━━━━━ PROVIDED DATA
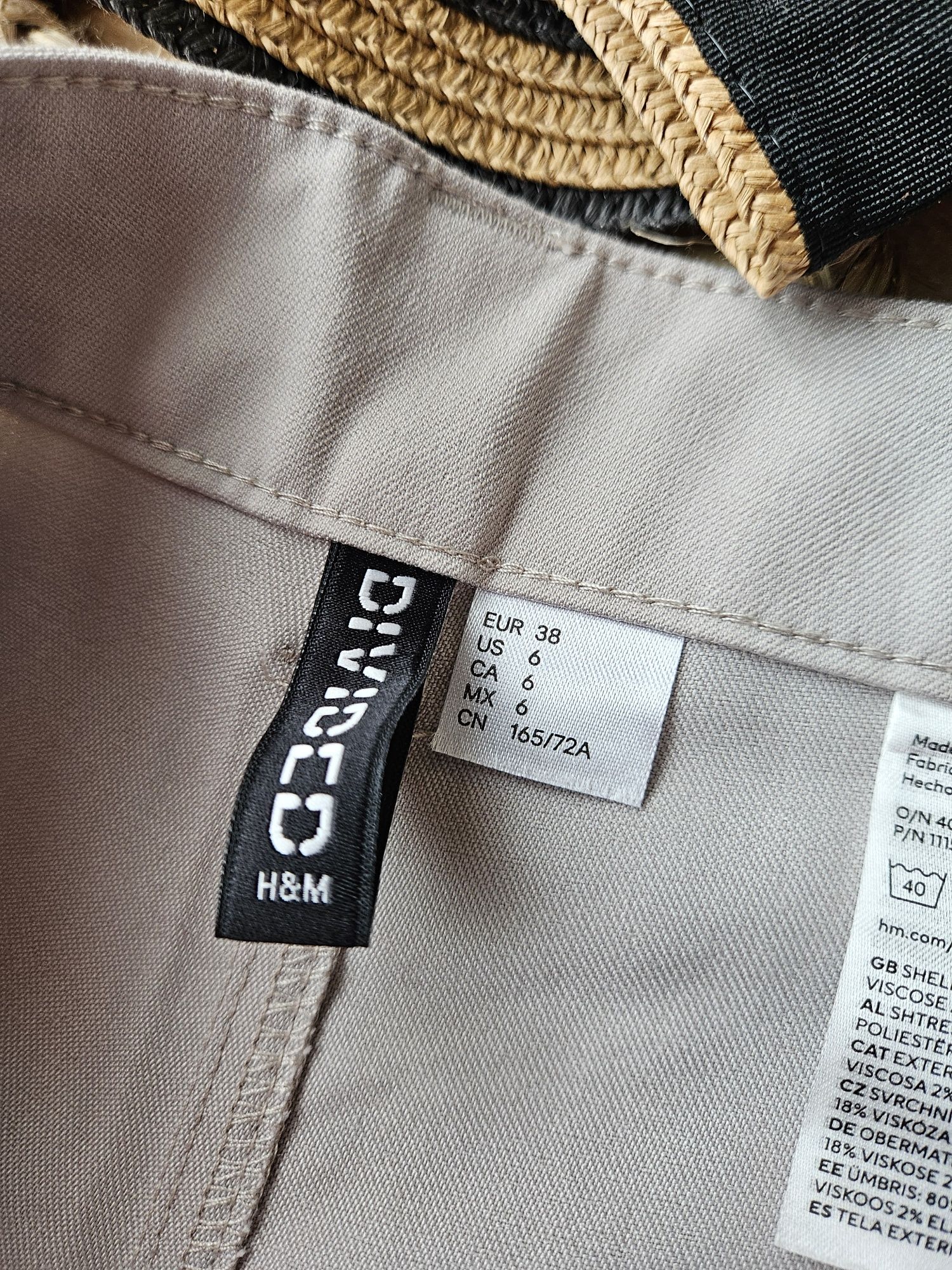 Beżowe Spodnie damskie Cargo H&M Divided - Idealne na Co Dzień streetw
━━━━━━━━━━
━━━━━ PROVIDED DATA
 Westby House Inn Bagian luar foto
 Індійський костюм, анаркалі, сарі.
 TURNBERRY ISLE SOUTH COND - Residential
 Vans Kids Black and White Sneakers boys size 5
━━━━━━━━━━
━━━━━ PROVIDED DATA
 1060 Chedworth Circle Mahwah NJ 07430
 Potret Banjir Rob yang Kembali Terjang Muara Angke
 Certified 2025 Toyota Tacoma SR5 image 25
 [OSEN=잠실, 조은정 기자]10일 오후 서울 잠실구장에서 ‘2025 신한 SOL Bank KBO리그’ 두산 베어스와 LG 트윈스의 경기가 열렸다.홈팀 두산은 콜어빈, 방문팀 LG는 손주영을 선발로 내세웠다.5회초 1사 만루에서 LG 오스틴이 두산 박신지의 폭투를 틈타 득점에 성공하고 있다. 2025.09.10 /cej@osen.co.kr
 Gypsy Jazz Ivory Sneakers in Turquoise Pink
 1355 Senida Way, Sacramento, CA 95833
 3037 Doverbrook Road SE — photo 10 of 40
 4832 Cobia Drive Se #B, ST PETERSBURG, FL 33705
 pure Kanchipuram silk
━━━━━━━━━━
• _TASK_
Reproduce, exactly as they stand in the data above, the lines from the one that holds "Індійський костюм, анаркалі, сарі." to the one that holds "Vans Kids Black and", inclusive.

• _SOLUTION FOR THIS TASK_
 Індійський костюм, анаркалі, сарі.
 TURNBERRY ISLE SOUTH COND - Residential
 Vans Kids Black and White Sneakers boys size 5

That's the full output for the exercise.